Est-il vraiment trop tard pour traîner des criminels de guerre nazis devant les tribunaux ? N\'existe-t-il plus d\'auteurs de crimes commis pendant la Shoa qui peuvent être rendus responsables de leurs terribles actes ? Sommes-nous déjà arrivés au point - un peu plus de soixante ans après la libération des camps de concentration et de mort nazis - auquel la justice n\'a plus sa raison d\'être ? Pouvons-nous déjà nous contenter de limiter nos efforts uniquement aux commémorations, à la documentation et à l\'éducation ?
A en juger d\'après les statistiques disponibles, tel n\'est certainement pas le cas. Chaque année, notre bureau publie une expertise sur l\'état des enquêtes et la persécution des criminels de guerre nazis à travers le monde. Les conclusions de cette recherche sont publiées à Jérusalem le jour de Yom Hashoa. Notre dernier rapport, sorti le 5 mai 2005, porte sur une période s\'étendant du 1er avril 2004 au 31 mars 2005. Pendant cette durée - et ce en contradiction flagrante avec une idée bien trop répandue voulant que les efforts de chasser et de confondre les nazis constituent une activité du passé - il y a eu cinq condamnations de nazis aux États-Unis et six actions en justice entamées contre des criminels de la Shoa, trois en Amérique, une en Hongrie, une au Danemark et une en Lituanie. En fait, entre le 1er janvier 2001 et le 31 mars 2005, 32 criminels de guerre nazis ont été reconnus coupables dans six pays. Ce qui est encore plus surprenant, ce sont les résultats des nouvelles statistiques disponibles basées sur des enquêtes actuellement en cours ou sur celles récemment initiées. Entre le 1er avril 2004 et le 31 mars 2005, un total de 663 nouvelles enquêtes ont été lancées à travers onze pays différents (soit une augmentation de 98% par rapport à l\'année précédente). Le 1er avril 2005, il y avait donc 1\'252 cas examinés dans seize pays.

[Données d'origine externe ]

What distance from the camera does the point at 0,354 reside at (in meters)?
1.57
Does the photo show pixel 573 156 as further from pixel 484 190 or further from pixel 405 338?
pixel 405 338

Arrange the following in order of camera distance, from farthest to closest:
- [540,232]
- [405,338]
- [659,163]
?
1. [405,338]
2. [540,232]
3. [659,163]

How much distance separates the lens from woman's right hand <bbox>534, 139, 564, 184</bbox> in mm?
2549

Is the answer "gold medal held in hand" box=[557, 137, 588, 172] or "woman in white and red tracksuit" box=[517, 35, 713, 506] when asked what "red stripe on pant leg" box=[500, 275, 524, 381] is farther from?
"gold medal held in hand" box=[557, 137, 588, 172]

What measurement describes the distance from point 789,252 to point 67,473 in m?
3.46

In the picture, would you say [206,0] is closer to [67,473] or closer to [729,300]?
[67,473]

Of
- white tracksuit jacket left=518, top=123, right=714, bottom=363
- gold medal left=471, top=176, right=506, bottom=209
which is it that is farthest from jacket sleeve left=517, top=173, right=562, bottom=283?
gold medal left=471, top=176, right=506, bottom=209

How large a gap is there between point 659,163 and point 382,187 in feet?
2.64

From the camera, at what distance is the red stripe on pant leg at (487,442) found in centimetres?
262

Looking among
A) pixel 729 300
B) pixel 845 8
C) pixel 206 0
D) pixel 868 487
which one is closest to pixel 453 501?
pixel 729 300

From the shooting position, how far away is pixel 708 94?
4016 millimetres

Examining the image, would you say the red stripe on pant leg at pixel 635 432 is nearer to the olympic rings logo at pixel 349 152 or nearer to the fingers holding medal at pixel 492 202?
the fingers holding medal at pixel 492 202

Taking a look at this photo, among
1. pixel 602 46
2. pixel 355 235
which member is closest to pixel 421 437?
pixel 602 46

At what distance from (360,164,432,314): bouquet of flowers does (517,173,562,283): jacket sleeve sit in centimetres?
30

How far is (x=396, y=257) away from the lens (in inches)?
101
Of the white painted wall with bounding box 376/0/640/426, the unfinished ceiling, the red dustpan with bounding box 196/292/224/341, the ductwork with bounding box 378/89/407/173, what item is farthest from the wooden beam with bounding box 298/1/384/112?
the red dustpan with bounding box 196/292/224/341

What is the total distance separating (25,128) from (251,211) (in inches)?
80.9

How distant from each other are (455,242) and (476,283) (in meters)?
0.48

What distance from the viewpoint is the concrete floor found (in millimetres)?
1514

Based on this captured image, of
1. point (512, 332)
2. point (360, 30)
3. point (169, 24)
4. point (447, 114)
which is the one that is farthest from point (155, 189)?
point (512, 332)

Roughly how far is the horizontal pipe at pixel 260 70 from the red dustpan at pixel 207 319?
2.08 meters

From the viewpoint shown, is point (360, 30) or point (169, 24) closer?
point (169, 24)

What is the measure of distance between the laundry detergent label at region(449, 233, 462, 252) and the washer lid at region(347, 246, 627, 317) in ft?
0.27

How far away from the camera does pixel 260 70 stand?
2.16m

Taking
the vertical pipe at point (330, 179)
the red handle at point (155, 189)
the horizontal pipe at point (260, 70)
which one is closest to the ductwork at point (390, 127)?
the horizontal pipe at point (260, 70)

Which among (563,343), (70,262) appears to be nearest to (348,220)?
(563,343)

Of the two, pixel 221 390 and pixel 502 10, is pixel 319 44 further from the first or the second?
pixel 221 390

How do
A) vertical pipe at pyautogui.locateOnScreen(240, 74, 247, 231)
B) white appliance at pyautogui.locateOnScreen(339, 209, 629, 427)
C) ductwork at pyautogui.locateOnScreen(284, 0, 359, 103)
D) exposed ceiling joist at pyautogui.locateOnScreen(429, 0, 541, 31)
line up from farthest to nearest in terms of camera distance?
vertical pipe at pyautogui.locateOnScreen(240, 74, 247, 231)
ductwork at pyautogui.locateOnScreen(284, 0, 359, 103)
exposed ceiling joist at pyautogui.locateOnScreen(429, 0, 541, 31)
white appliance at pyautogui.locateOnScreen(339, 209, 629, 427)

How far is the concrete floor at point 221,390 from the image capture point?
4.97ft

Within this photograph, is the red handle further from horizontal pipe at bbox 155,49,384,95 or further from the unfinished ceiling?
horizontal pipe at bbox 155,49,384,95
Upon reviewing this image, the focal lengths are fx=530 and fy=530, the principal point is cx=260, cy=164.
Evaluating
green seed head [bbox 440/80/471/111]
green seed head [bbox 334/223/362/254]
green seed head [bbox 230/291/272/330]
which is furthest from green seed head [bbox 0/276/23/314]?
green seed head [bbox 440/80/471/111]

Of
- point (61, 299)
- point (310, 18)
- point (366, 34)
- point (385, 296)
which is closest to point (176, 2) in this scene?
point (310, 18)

Les pays où ces cas sont actuellement traités peuvent être divisés en deux catégories: ceux qui sont en Europe, où les crimes de la Shoa ont effectivement été commis et qui jugent les suspects inculpés pour génocide, crimes de guerre, crimes contre l\'humanité et meurtres; le second groupe, situé dans les pays où ces criminels ont trouvé refuge, avant tout dans les démocraties anglo-saxonnes, qui poursuivent ces individus au pénal pour des accusations d\'ordre criminel ou qui les jugent dans des tribunaux civils pour des violations ayant trait aux lois d\'immigration et/ou de naturalisation. Ainsi, par exemple, le plus grand nombre de nouvelles enquêtes (305) et d\'investigations en cours (450) se trouvent actuellement en Pologne, lieu où le plus grand nombre de Juifs ont été assassinés pendant la Shoa. Les autres pays européens, où des enquêtes sont actuellement en cours sont: l\'Autriche (272 nouvelles et 199 en cours), l\'Allemagne (27 et 46), la Lettonie (58 en cours), la Lituanie (2 et 21), l\'Italie (6 et 13), le Danemark (9 et 11) et la Hollande, avec 6 investigations en cours. En ce qui concerne les pays dits de «refuge», le plus grand nombre de nouvelles enquêtes et enquêtes en cours sont aux États-Unis (34 et 246). Le seul autre pays à mener des examens de ce type de manière sérieuse est le Canada, où 190 cas sont actuellement traités.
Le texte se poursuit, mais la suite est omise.